It’s easy to become a bit jaded about studying journalism when there seems to be no light at the end of the uni/work/interning/volunteering/networking/sleeping tunnel. It’s exhausting.
You’ll get through it, but sometimes you need a bit of a reminder of why you got yourself into it in the first place.
All the President’s Men
We’ll start with the big guns. Woodward and Bernstein are about as superstar as you can get in this profession, as the journalists who uncovered the Watergate scandal which brought down President Nixon. Bonus: This is Robert Redford and Dustan Hoffman in their prime.

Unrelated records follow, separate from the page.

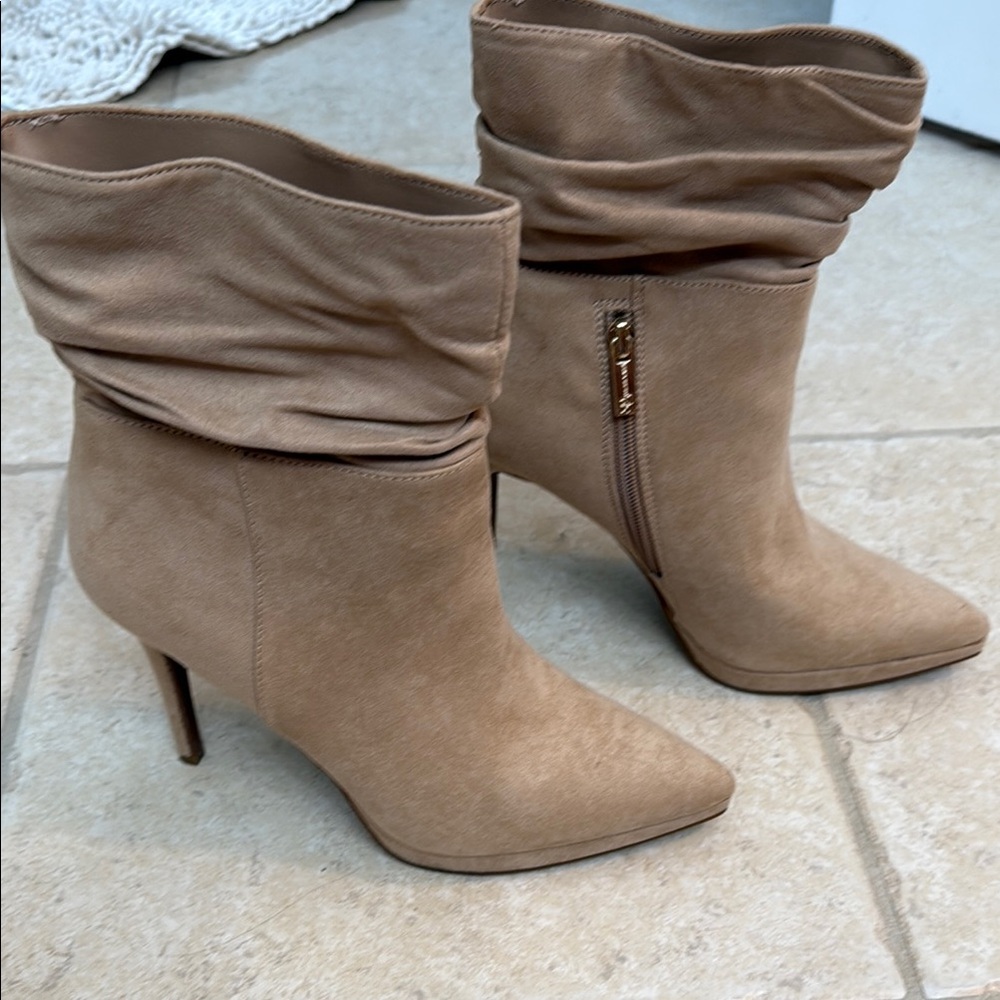 Jessica Simpson Tan Heeled Boots with Stiletto Heel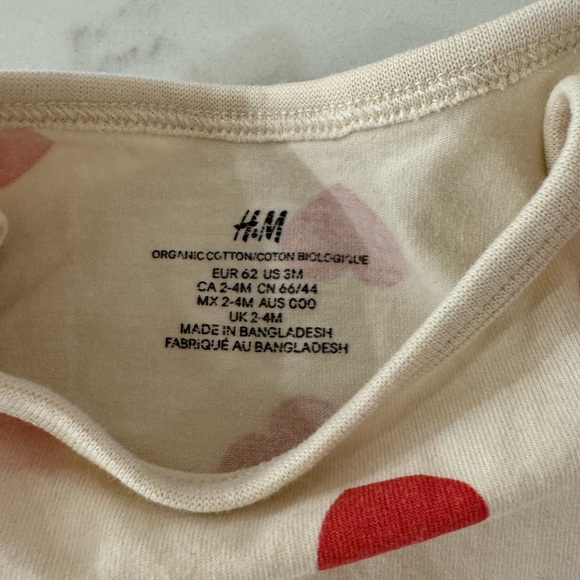 H&M Organic Cotton Heart Baby Girl Set - Picture 5 of 5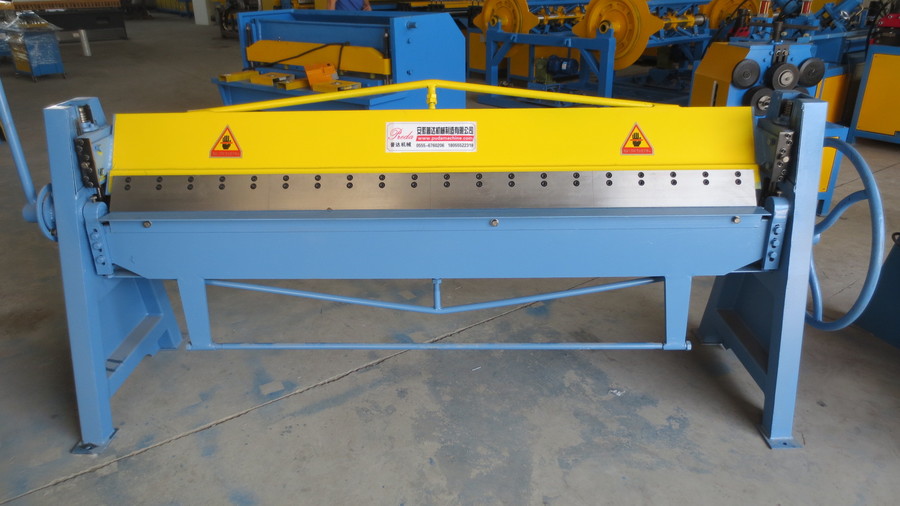 Manual folding machine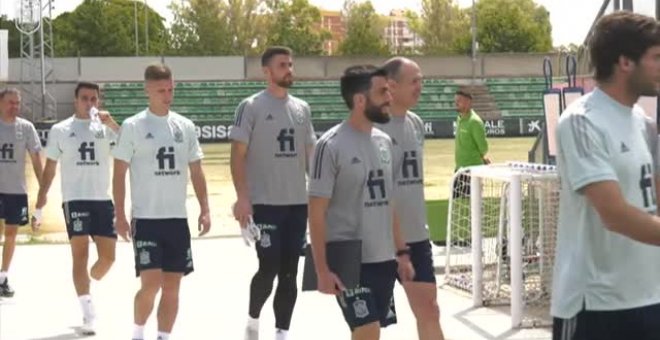 La selección española entrena en Sevilla para preparar el partido contra la República Checa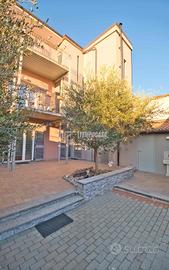 Bifamiliare moderna con cortile privato e triplo b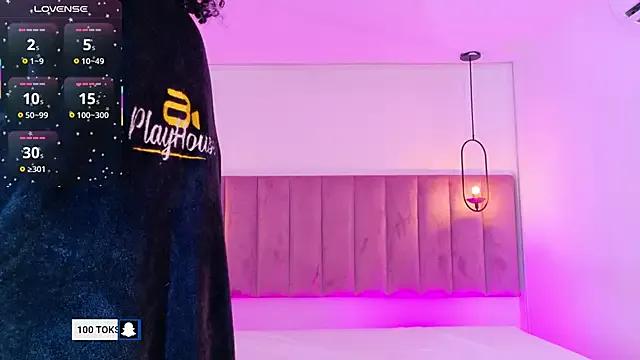 Freechat Tina_curly on StripChat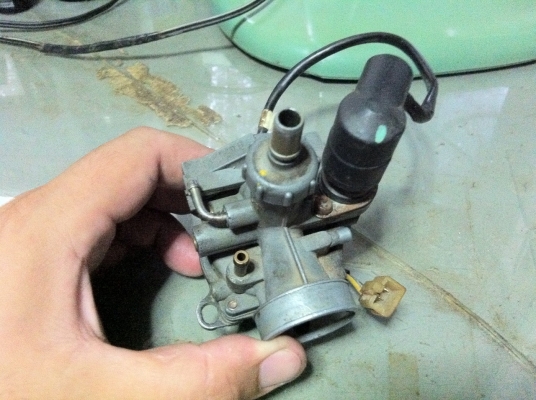 (ส่ง EMS ด่วน ให้คุณอัญชลีพร จ.กาญจนบุรี เรียบร้อยแล้ว ขอบคุณมากครับ)ขายคาร์บูใส่รถป็อป HONDA DIO สภาพตามรูป พร้อมส่ง ราคาต่อรองได้ สามพราน นครปฐม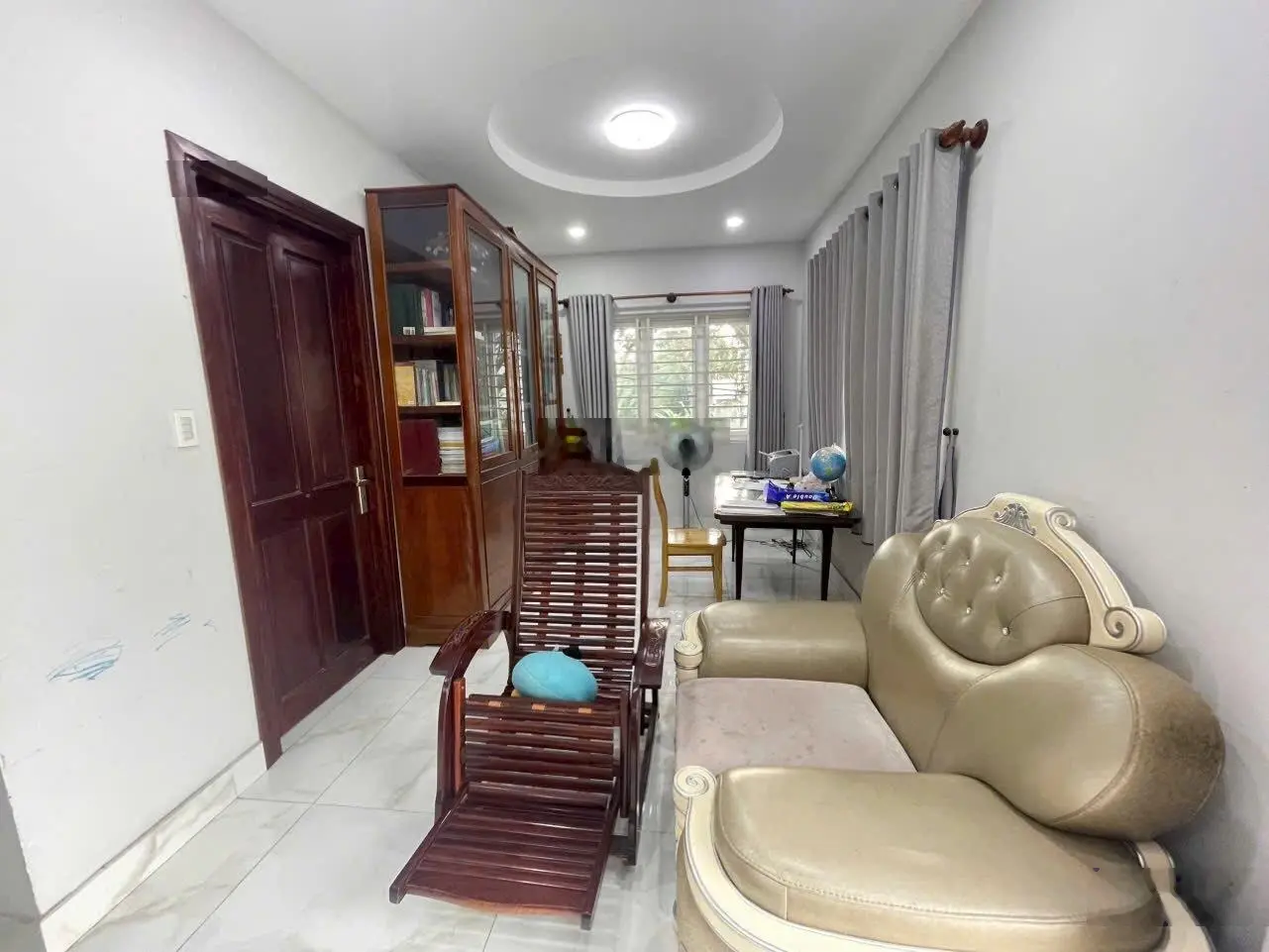 Chủ đi xuất cảnh cần bán gấp biệt thự mặt tiền đường 835 P. Phú Hữu, Tp. Thủ Đức 9.5mx20m, 13 tỷ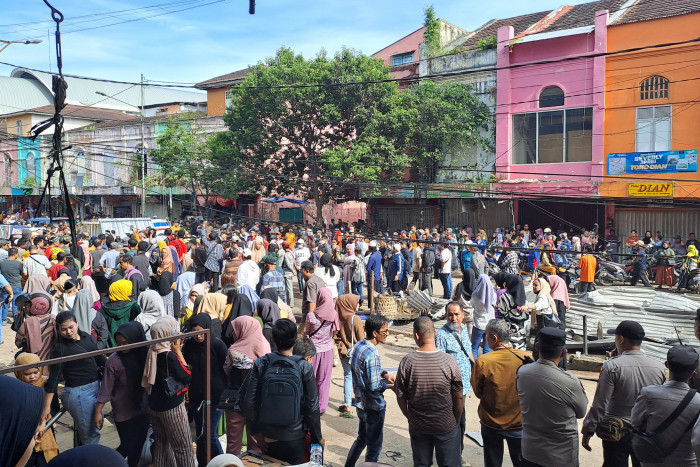 Ratusan Pedagang Kaki Lima di Pasar 16 Ilir Unjuk Rasa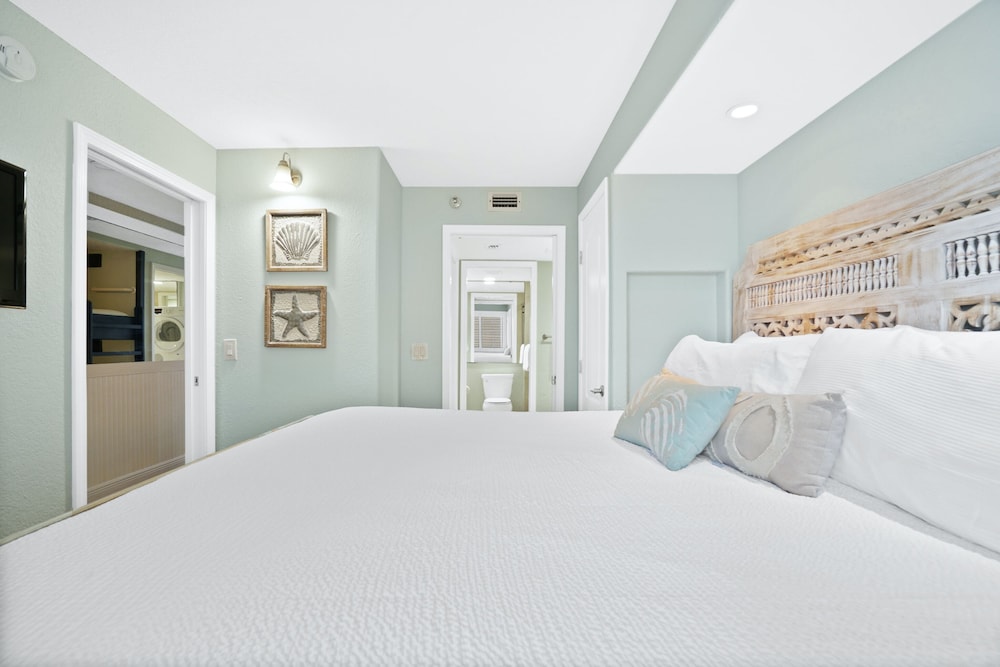 SunDestin Beach Resort by Panhandle Getaways view 3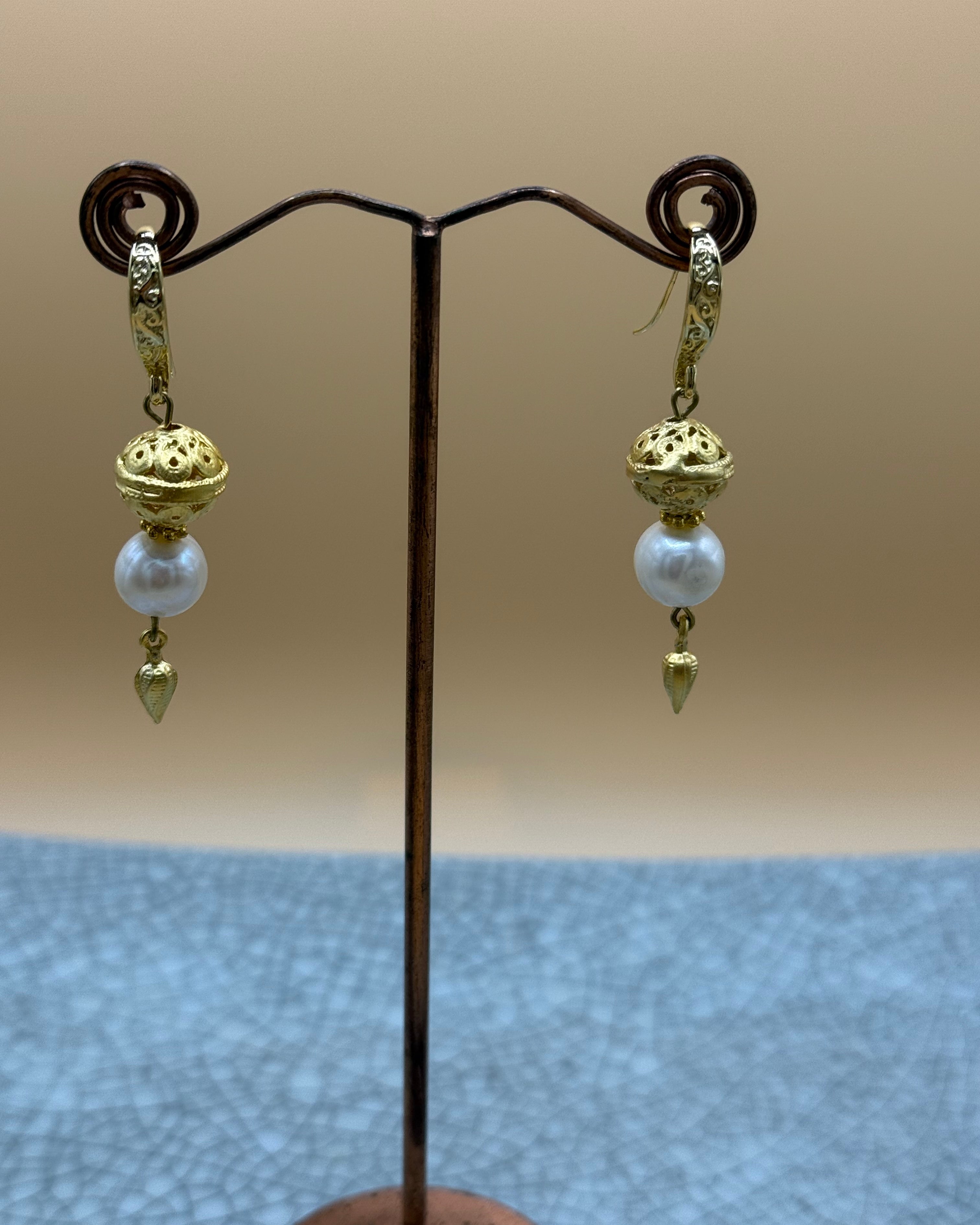 Freshwater pearl & Gold Earrings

This is firmly Aaron Sorkin’s newsroom, it’s walk-and-talk, sermon-delivering drama at it’s finest. It will remind you of just how great getting to the bottom of a story is and why it’s good to work with people who ‘get’ why you do what you do. The further I go with my studies, the more impressed I am Jeff Daniel’s character could deliver his bulletins/sermons without an autocue.
This Working Dog show is a must-watch for anyone aspiring to work in an Australian newsroom. It’s a razor-sharp take on news an current affairs which will remind you of how fun it is, and also serve as a great guide on what not to do.
The dramatic arc of Frost/Nixon relies on the talent drunk calling the interviewer at midnight, so possibly not the most likely way to get a scoop but definitely the most entertaining. This dramatization of the circumstances surrounding a series of interviews post-Watergate Nixon gave to TV presenter David Frost is a reminder what good research and perseverance will get you – as well as $600,000. It’s not completely historically accurate but portrays the drive to get an exclusive and the circus surrounding the Presidential resignation.
How often is a move tag ‘based on a Pulitzer-prize winning investigation’? Holding truth to power doesn’t come much bigger than this – uncovering child sexual abuse in the predominantly Irish-Catholic city of Boston, USA. This Best Picture Oscar winning drama will remind you of the power of persevering, making contacts and the complexities of reporting from within tight-knit communities.
The Devil wears Prada
Who could watch The Devil Wears Prada and not be seduced by the glossy life of travel, clothes, socializing and working at the height of fashion? Just don’t over think how real it all is – although the story is infamously based on Lauren Weisberger’s time as an assistant to Vogue Editor Anna Wintor. Watch it to remind you of the ridiculous amount of behind the scenes work that goes into any journalism but how loving something so much makes the hard yards worth it. At least that’s how it’s sold.
His Girl Friday
Possibly the only love triangle to be set against the backdrop of an impending execution. The movie centers around a hard-nosed editor (Carey Grant ) trying to break up the impending marriage of his start reporter and ex-wife (Rosalind Russell) and her fiancé (Ralph Bellamy). It explores the tough newspaper world, the draw of an exclusive story and tensions between career and family in a thoroughly golden-ear-of-hollywood way. It’s got all the charm and wit of classic movies from the 1940s, along with with 40’s opinions on women, marriage and smoking.
Harrison Ford is a Serious News Journalist who hates soft news and starts working on Breakfast Television. What could possibly go wrong? This entertaining and lighthearted look at television will remind you of the exciting an fast-paced speed of live TV.
State of play
This miniseries shines a light on the interconnected worlds of politics and journalism, against the backdrop of sudden death and investigating the reach of oli-lobbiests. It highlights the personal toll of high-stakes investigations, and how good it feels to hold bastards to account. John Simm stars as a determined journalist investigating the death of a parliamentary staffer, the lynchpin of a stellar cast including Kelly Macdonald, James McAvoy and Bill Nighy as the Editor-in Chief of your dreams.